生涯学習研究e事典
 
登録/更新年月日:2006(平成18)年1月27日
 
 

高大連携 (こうだいれんけい)

キーワード : 高等教育の大衆化、進路指導、補習授業、出張講義、入学前教育
住岡英毅(すみおかひでき)
2.連携の具体的内容
 
 
 
 
   連携の具体的な内容や方法は、多様かつ多彩である。中央教育審議会の答申「初等中等教育と高等教育との接続の改善について」(平成11(1999)年12月16日)、及び各地の大学で取り組まれている高大連携の試みをもとに類型化して示すと、おおよそ次のようになる。
 まず、大学の教育活動を高校生に開放し、彼らに大学教育についてのイメージづくりや大学で学ぶことの意味についての認識を喚起することがあげられる。たとえば、夏季休暇中に高校生を対象にした集中講義を開設し、大学入学後に活用できるような単位認定を行う、また単位認定を行わないまでも高校生向け公開講座や衛星通信システム、インターネット回線などを利用した遠隔講義を通して、高校生に大学の幅広い教育機能を提供する、さらには大学教員が高校に出向いて出張講義を行う、などはその典型である。また、大学のこのような活動と高校教育を連動させて、大学で履修した単位を高校の単位として認定することもある。いずれにしても、こうした試みは、高校生にとっては大学教育への緩やかな適応を意味し、大学にとっては高校生を大学教育へといざなう先行投資的意味をもっている。
 次に、大学教育の実をあげるために行う、高校と大学との連携があげられる。たとえば、大学のアドミッションポリシー(入学者受入れ方針)にそって、生徒が進もうとする分野や大学の教育内容に応じた科目についての適切な履修ガイダンスを、高校側と大学側の話し合いを通して徹底させる、特別選抜による入学予定者の入学前教育を冬季休暇を利用して大学で行う、学生の履修歴に応じ、大学教育の基礎として足りない部分についての補習授業を高校側の協力も得て大学で実施する、などがこれである。こうした活動は、高校教育を大学教育へと連結させるための言わば「糊しろ」ともいうべきものであり、高校教育の多様化と高等教育の大衆化が一般的になった今日では、欠くことのできない重要性を帯びつつあると言ってよい。
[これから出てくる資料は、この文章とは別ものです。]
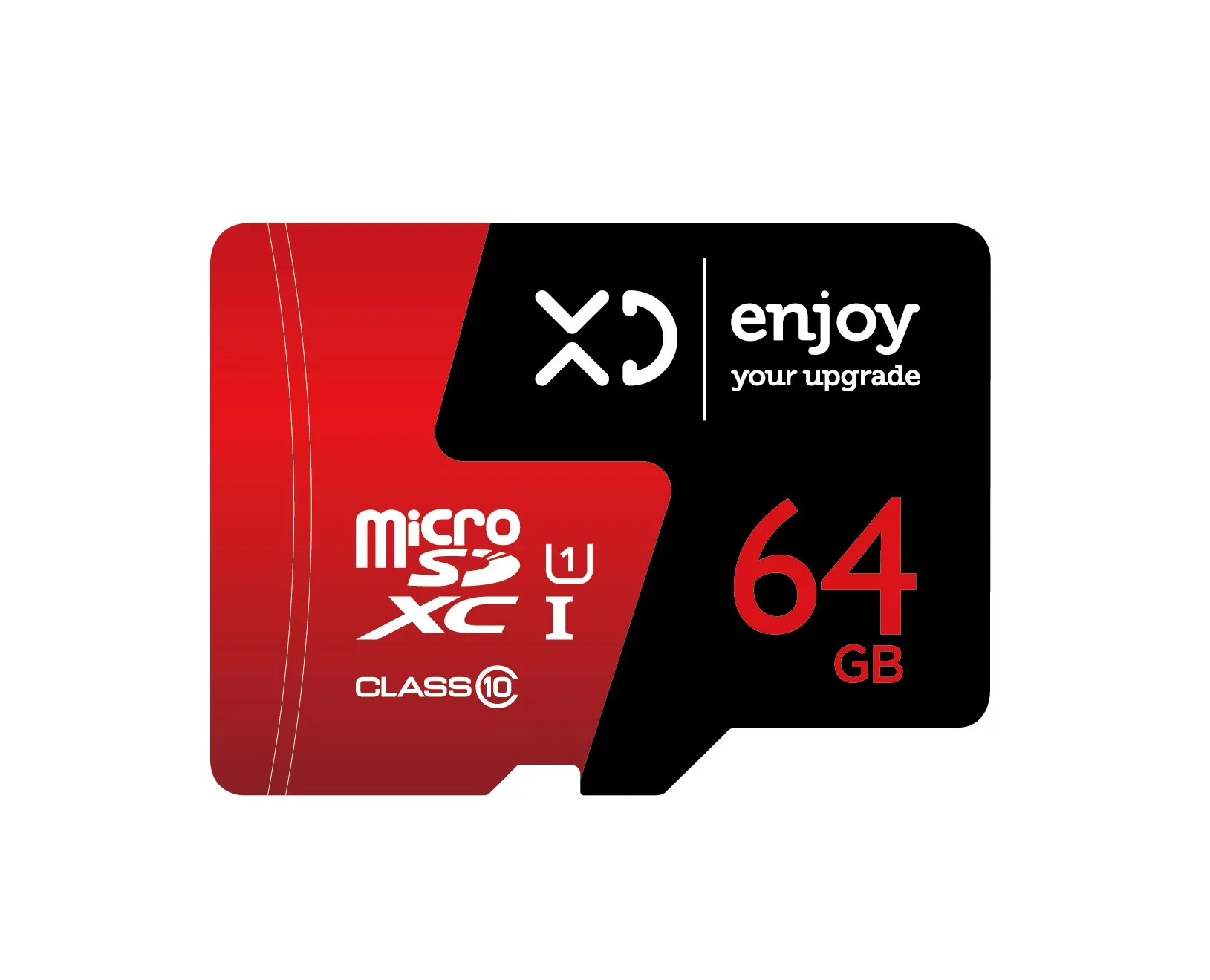 Emtec Scheda MicroSD 64GB + Adattatore | Classe 10 U3 V30 | Lettura 85 MB/s | Per Smartphone, Tablet, Action Cam | Colori: Nero/Rosso/Giallo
 さらに、高校関係者と大学関係者の相互理解を目指すための連携があげられる。それは、高校の進路指導の充実を図る目的から派生して生まれてきた。たとえば、高校生の進路を的確に見出すためには、大学の入学者選抜制度の在り方や入試問題の適切性をめぐって、また高校の教育課程の改革や大学教育の改革状況等について、双方で情報を交換し相互理解を深めることが重要になってくる。そのため、都道府県単位で「高校と大学との連絡協議会」を設けて、年に一度の話し合いの機会をもっているところもある。また、教育委員会や高校からの依頼を受けて高大連携の研修会を企画したり、高校との連携による教学プログラムや入学前教育に関する研究会を開催している大学もある。高校教育や大学教育の充実を目指す高大連携の気運とその基盤が、こうした活動の積み重ねを通して醸成され次第に確かなものになっていく。